Problem to work on => Word for word, copy the listing below and leave out its images.

Information provided =>
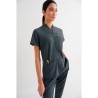 Chaqueta sanitaria m/c mujer monza vela 22.26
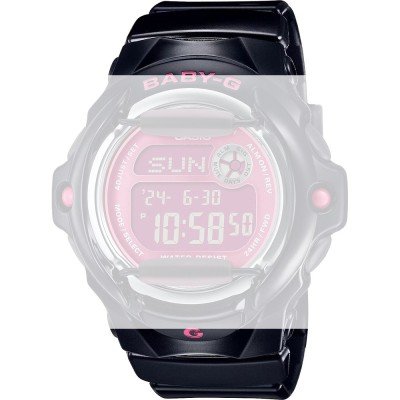G-Shock 10656333 Baby-G Horlogeband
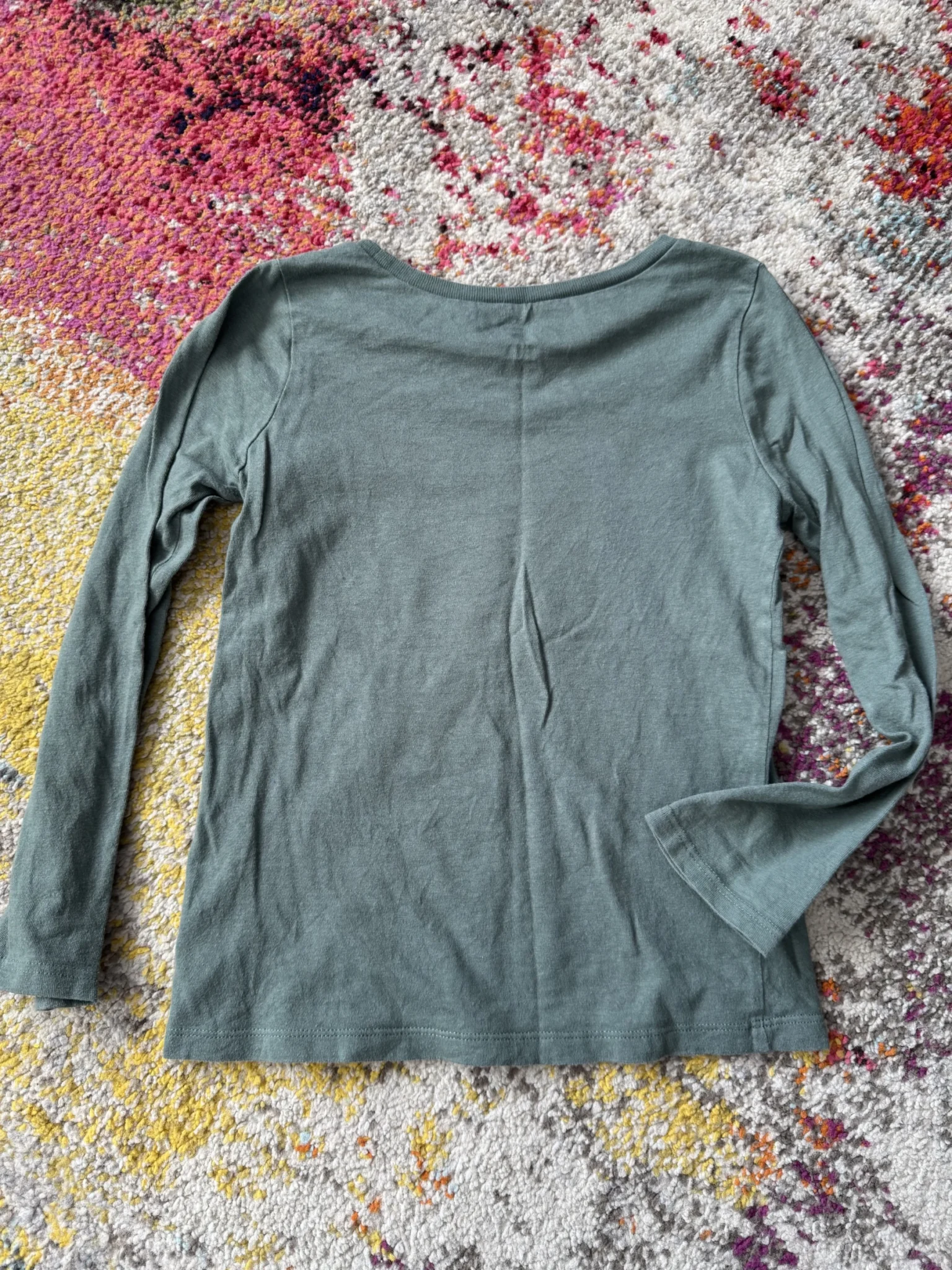 Image for T-shirt manches longues 7ans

Result =>
 Chaqueta sanitaria m/c mujer monza vela 22.26
G-Shock 10656333 Baby-G Horlogeband
 Image for T-shirt manches longues 7ans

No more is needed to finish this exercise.